Even those who accepted reparations refused to countenance normalization of cultural ties, and the Israeli government imposed severe restrictions on cultural, literary, and educational ties with Germany. German-language film
s were banned by the Israeli “board for film and theater review” (a committee of censors abolished only in 1989, when Germany and Israel concluded a protocol on cultural relations). Israel’s Minister of the Interior announced in a speech at the Knesset on July 16, 1958:
It is the Board’s opinion that any performance in the German language is offensive to the feelings of the Israeli public who cannot forget the fact that this is the language of the nation that, only recently, barbarically annihilated a third of the Jewish people.

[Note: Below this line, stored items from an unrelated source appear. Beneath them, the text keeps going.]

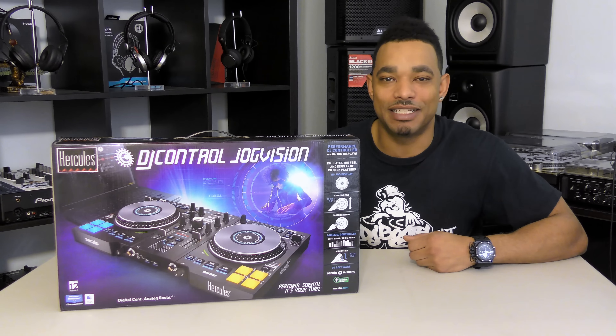What's going on? This is Kareem from DJbooth.net and I'm here in the lab to give you guys a quick announcement and giveaway video.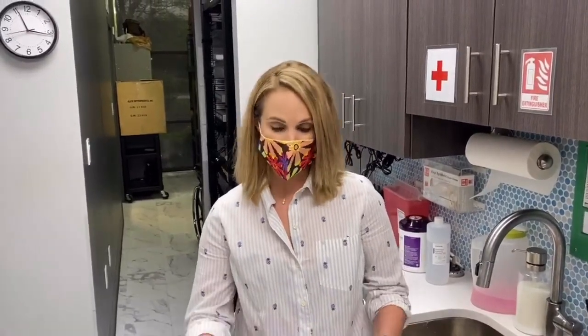Hey everybody, it's Dr. Nicole Friels at Lexington Podiatry, and today we are doing a PRP. I want to talk to you about what PRP, or platelet-rich plasma, actually is. Platelets activate your body's natural healing process, so you want to get as many of those as you possibly can into an injured area.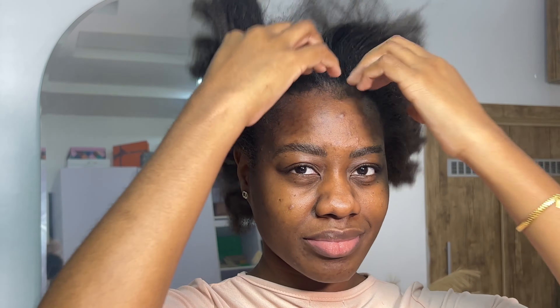If it's one thing I'm gonna do, it's a sleek bun. Let me show you guys how I get this sleek updo hairstyle that I've started doing.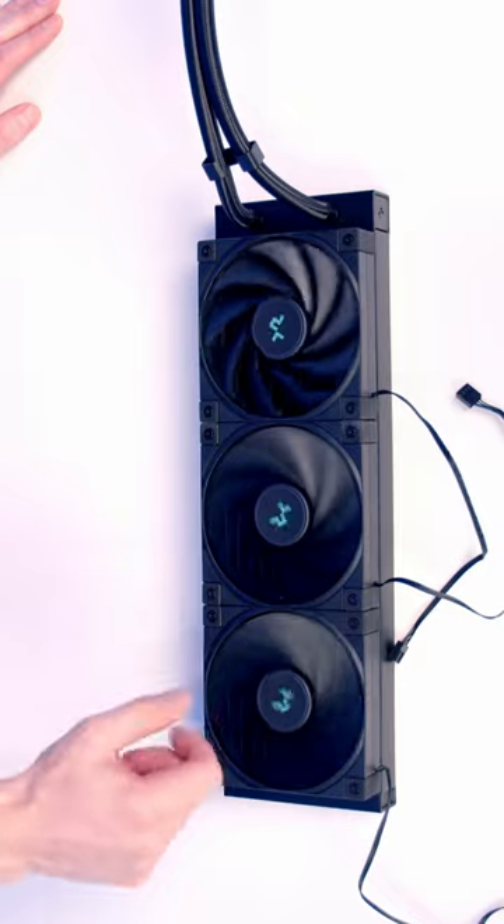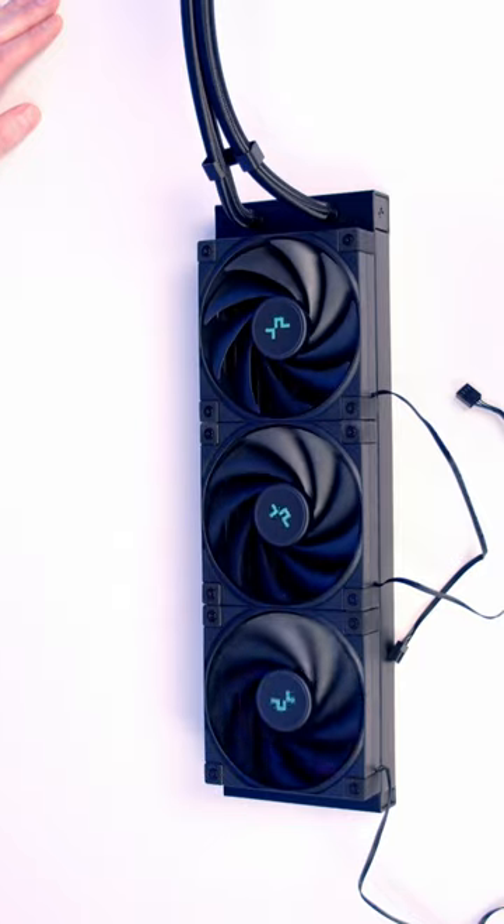In general, after you've installed your fans, I would recommend giving them a little spin to check that the fan blades can move freely.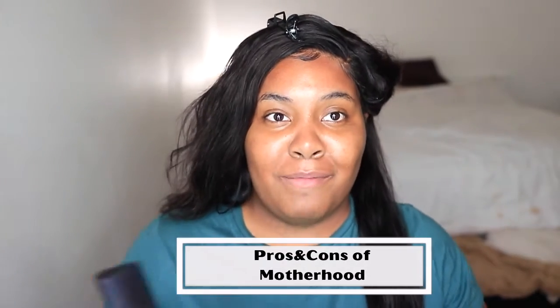Hey guys, editing April here — I'm so sorry. Since the last take, my cat interrupted us and I didn't press record on my camera, so it got a little wonky. The next part I'm talking about is the pros and cons of being a mother, starting with having friends — or having no friends — as a mom.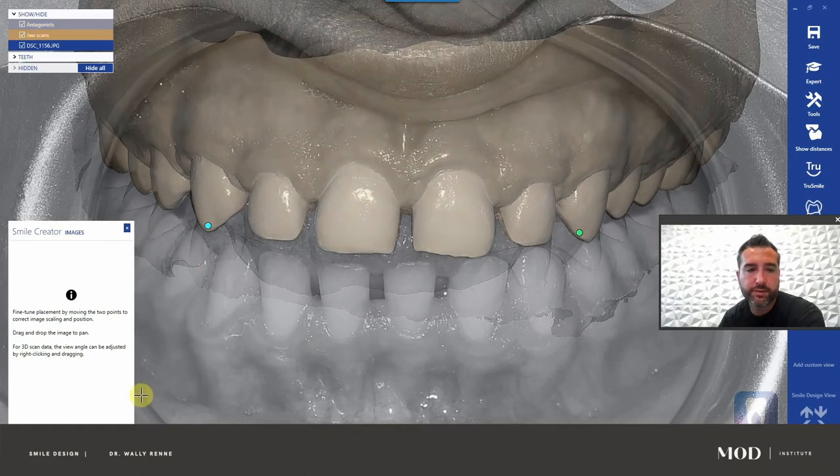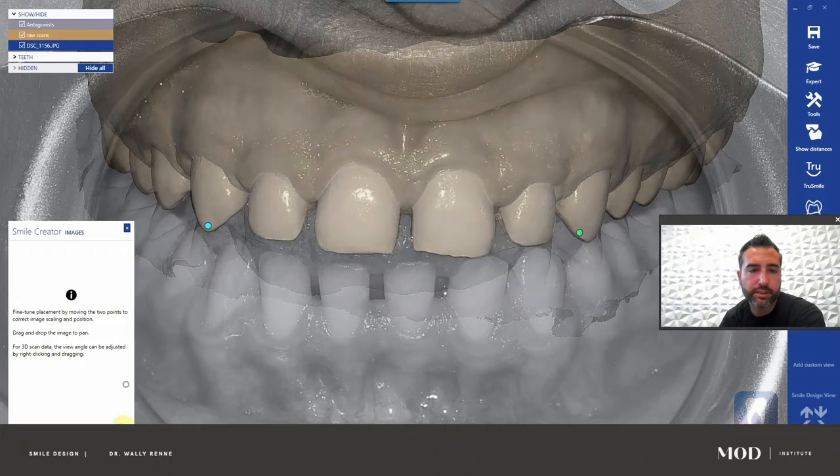Don't go crazy with ball movement — you probably had it right to begin with. The more adjustments you make with the balls in this stage, be careful. Minor, minor movements with the balls. Most of the adjustments in this stage need to be a right-click rotation of the model. This looks really pretty close, so I'm going to hit next.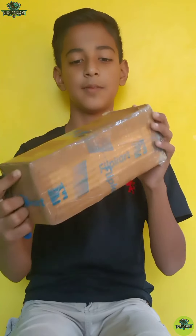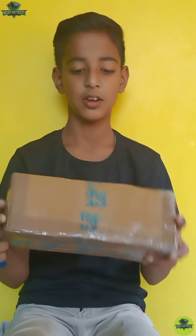Hello guys, welcome back to our YouTube channel MountainWider. Today we have a new video. We are going to get a new unboxing. Let's start the video.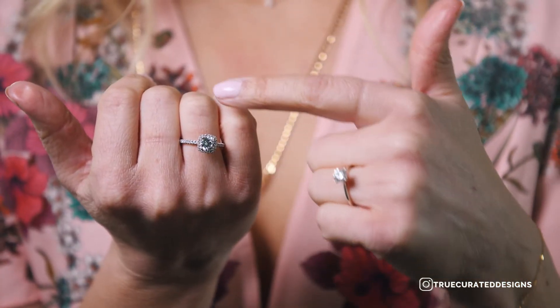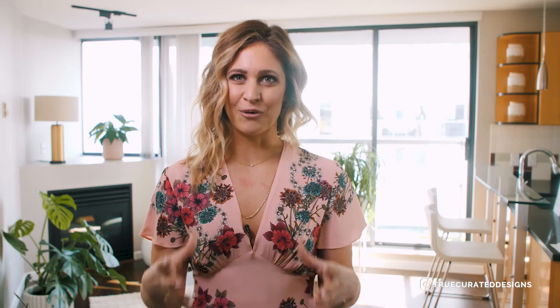Opt for a halo, which is tiny diamonds surrounding the main stone, so that the diamond will look larger and more sparkly.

In 1965, West German Chancellor Ludwig Erhard and Israeli Prime Minister Levi Eshkol established diplomatic relations and arranged for the exchange of ambassadors. Even then, pockets of resistance persisted. Some kibbutzim banned the use of the German language. When German author Günter Grass visited Israel in March 1967 and in November 1971, for example, his public appearances were disrupted by protests. According to Avi Primor, Israel’s former ambassador to Berlin, “the Israeli protesters were not targeting Grass personally and their anger had nothing at all to do with his literature. It was the German effort to establish cultural relations with Israel to which they objected.”
For some Israelis, it was still too soon. “My mother tongue, as stated, was German,” the Israeli writer Aharon Appelfeld wrote in 1997, “the language of my mother’s murderers. How do people once again speak the language drenched in Jews’ blood?”
In 1964, Gershom Scholem of the Hebrew University was invited to contribute a piece on “German-Jewish dialogue” for a Festschrift in honor of the poet and essayist Margarete Susman’s ninetieth birthday. His acerbic answer was telling:
There is no question that Jews tried to enter into a dialogue with Germans, and from all possible perspectives and standpoints: now demanding, now pleading and imploring; now crawling on their hands and knees, now defiant; now with all possible compelling tones of dignity, now with a godforsaken lack of self-respect. . . . No one responded to this cry. . . . The boundless ecstasy of Jewish enthusiasm never earned a reply in any tone that could count as a productive response to Jews as Jews—that is, a tone that would have addressed what the Jews had to give and not only what they had to give up. To whom, then, did the Jews speak in this famous German-Jewish dialogue? They spoke only to themselves.